# New Defy advanced 0 what does it take to make ride sense work?



## jackmen (Jul 24, 2007)

*Defy adv. 0 what makes ride sense work?*

I am just receiving a new 2014 Giant Defy Advanced 0 and It comes with ride sense. I didn't get it with the stock wheels and am getting it without any wheels, (getting my own CARBON CLINCHERS). Does this require a magnet to work or maybe two magnets on wheel spoke and and Pedal arm?

The bikes on its way to me so I'm asking what I will need to make it work. Also will the ride sense transmit to my Garmin 500 ? Would be nice if it would.


----------



## Hoologan (Oct 23, 2014)

It requires said magnets and is compatible with anything that will support ANT+ (including the 500).

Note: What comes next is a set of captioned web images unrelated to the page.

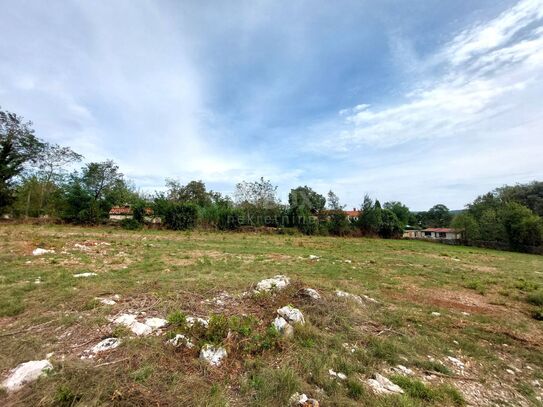 ISTRIEN, LABIN - Baugrundstück mit Blick auf die Altstadt, nur wenige Gehminuten von der Stadt entfernt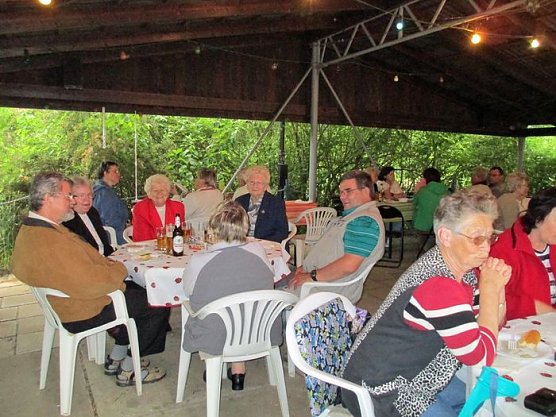 Der harte Kern kam! (Foto: Ina Römer) Der harte Kern kam! (Foto: Ina Römer)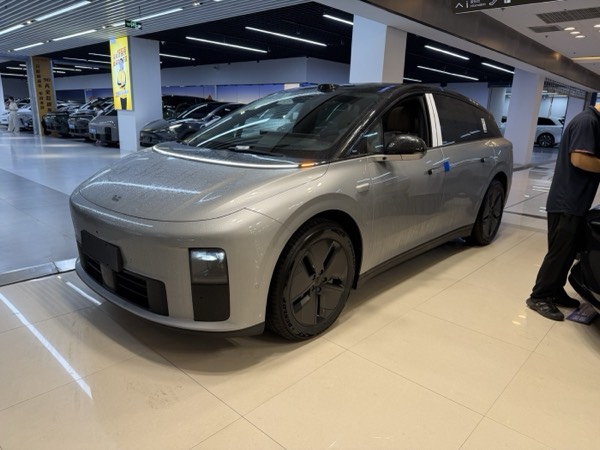 Omoda 5 EV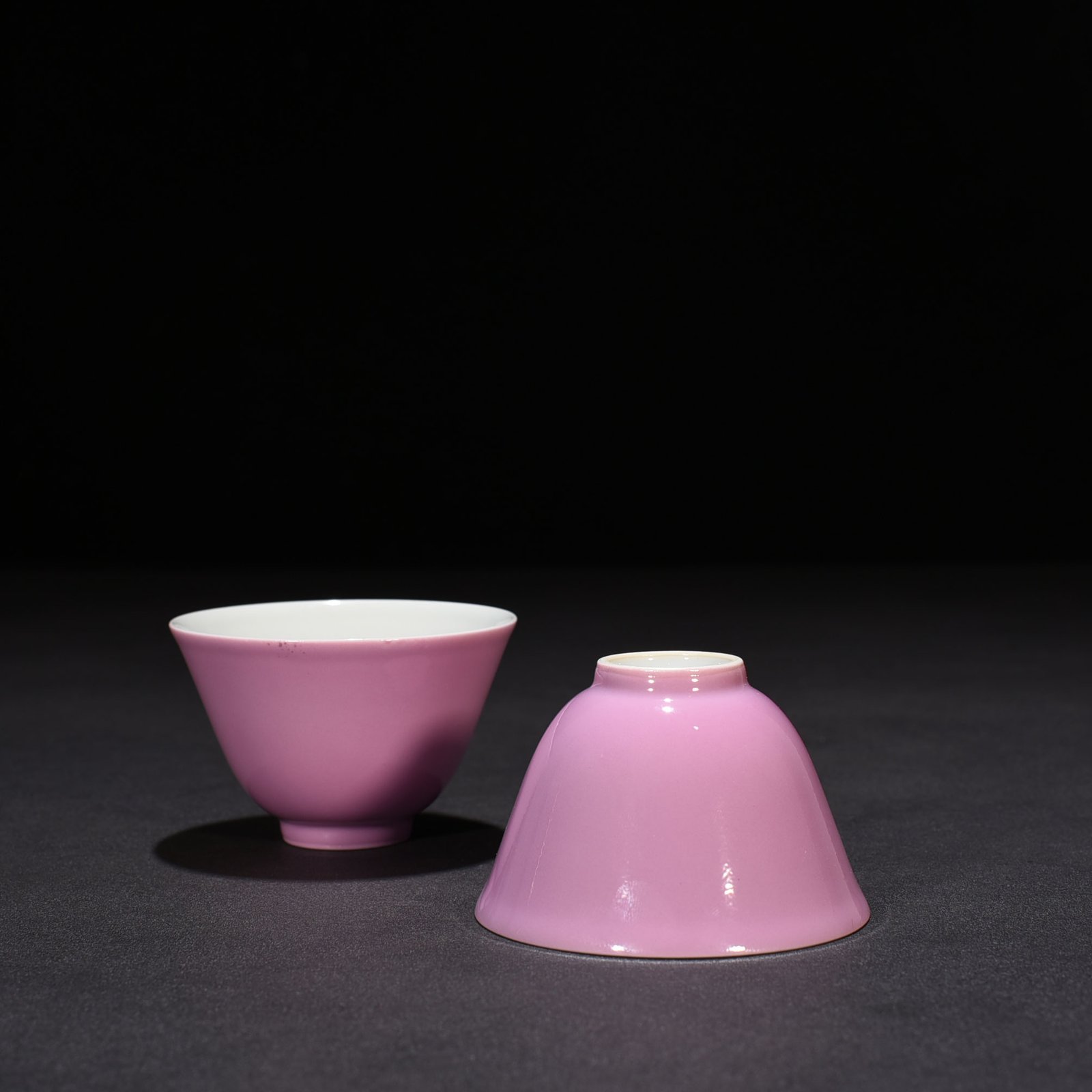 Qing Dynasty Yongzheng rouge powder glaze cup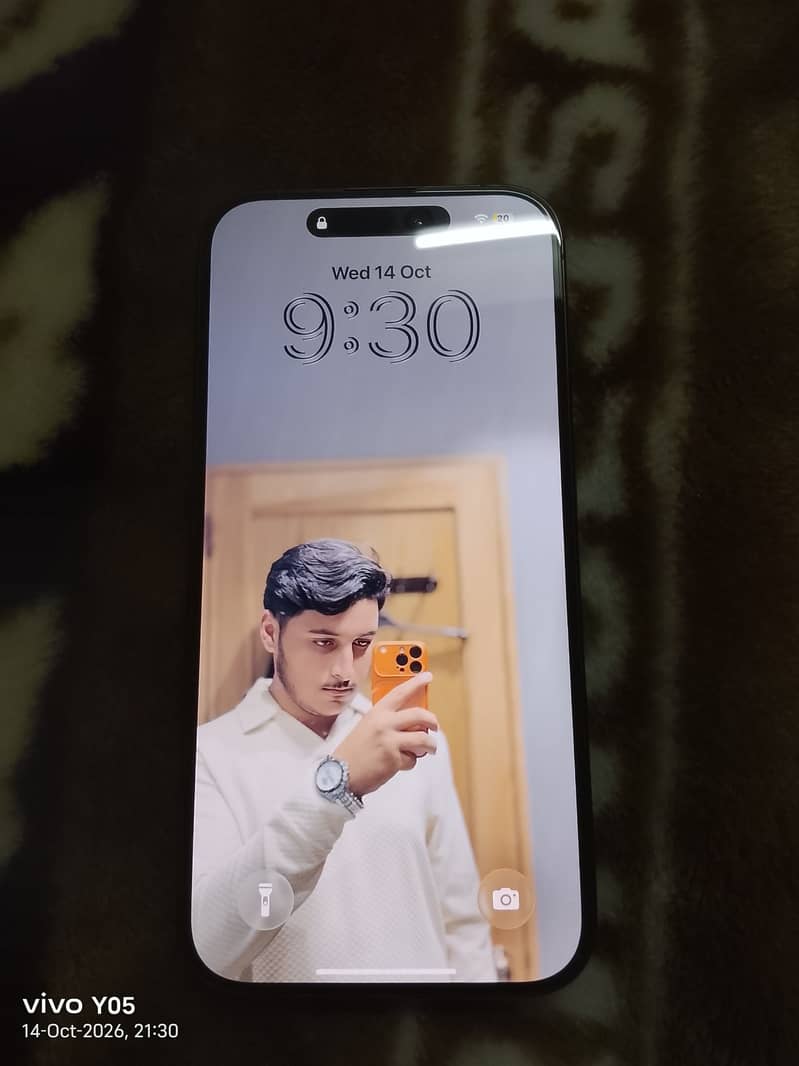 Apple iPhone 15 Pro 9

I'm waiting for my Advanced 2 and I had the same questions as you. Google answered them right away.


----------



## ljvb (Dec 10, 2014)

I just picked up an Advanced Pro 0 (2015) with Ridesense. It is exactly the same as any other ant+ sensor for speed/cadence, just built into the frame. It still requires a magnet on the wheel and crank arm.. The parts come in a box with the bike (your bike store will probably be able to help), and have a number of mounting options for the magnets. You should be fine.


----------